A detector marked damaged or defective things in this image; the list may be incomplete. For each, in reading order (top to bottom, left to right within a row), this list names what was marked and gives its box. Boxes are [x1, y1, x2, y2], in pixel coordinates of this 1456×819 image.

--

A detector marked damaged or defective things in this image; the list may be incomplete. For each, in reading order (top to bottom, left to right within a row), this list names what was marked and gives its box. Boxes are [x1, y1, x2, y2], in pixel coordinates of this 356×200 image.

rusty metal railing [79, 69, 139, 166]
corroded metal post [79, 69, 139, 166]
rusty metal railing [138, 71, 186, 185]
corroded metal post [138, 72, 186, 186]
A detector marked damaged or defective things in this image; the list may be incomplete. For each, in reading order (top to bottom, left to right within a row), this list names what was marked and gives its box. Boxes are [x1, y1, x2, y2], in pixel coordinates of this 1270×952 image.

* **Activity**: All lines in the listing above between the line with "this 356×200 image." and the line with "this 1270×952 image.", inclusive, should be set down exactly, and no line outside that range.

* **Response**:
A detector marked damaged or defective things in this image; the list may be incomplete. For each, in reading order (top to bottom, left to right within a row), this list names what was marked and gives its box. Boxes are [x1, y1, x2, y2], in pixel coordinates of this 356×200 image.

rusty metal railing [79, 69, 139, 166]
corroded metal post [79, 69, 139, 166]
rusty metal railing [138, 71, 186, 185]
corroded metal post [138, 72, 186, 186]
A detector marked damaged or defective things in this image; the list may be incomplete. For each, in reading order (top to bottom, left to right within a row), this list names what was marked and gives its box. Boxes are [x1, y1, x2, y2], in pixel coordinates of this 1270×952 image.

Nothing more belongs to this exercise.